What Is the CRV Token?
CRV is the native token of Curve Finance, an Automated Market Maker Protocol built on the Ethereum Network. The token is used for the platform’s governance by ensuring its holders can participate in the decision-making process in the future while also incentivizing participation in the protocol.
Curve uses multiple cryptocurrencies to operate as a decentralized exchange focused on stablecoins, whose value is pegged to external assets like the dollar or gold.
The protocol is one of the most popular Decentralized Finance (DeFi) protocols in the crypto ecosystem. It allows users to earn fees on their assets while allowing the exchange of cryptocurrencies without intermediaries or central authorities. Curve Finance’s smart contracts have been audited by Trail of Bits without finding any vulnerabilities.
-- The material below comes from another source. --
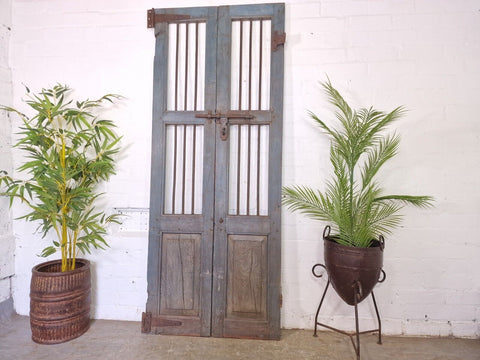 Old Pair Vintage Reclaimed Indian Wooden Iron Doors Shutters Garden Gates Screen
Curve was founded by Michael Egorov in January 2020 after years of experimentation with DeFi protocols and deciding to create a protocol focused on providing higher market depth to benefit both traders and liquidity providers.
According to reports published in October 2020, Curve Finance processed over $2.8 billion in trades since its inception and had over $1 billion locked on its platform, a testament to the popularity of the platform and the spike in interest that the DeFi ecosystem experienced as a whole.
What is the Purpose of CRV?
CRV was created as the governance token of Curve DAO, the Decentralized Autonomous Organization in which users can participate by locking their tokens in a VotingEscrow for a maximum of 4 years, with the amount and duration defining the weight of their vote.
By using the DAO structure, Curve’s future is decided by its user base, creating a truly decentralized exchange (DEX) that can stand the test of time by ensuring proper management due to it being in the best interest of the users who participate.
The CRV token is also used to incentivize users by being issued as a reward for using the platform’s services. Due to the inflationary nature of the token, which is regulated by an inflation schedule hardcoded into the protocol.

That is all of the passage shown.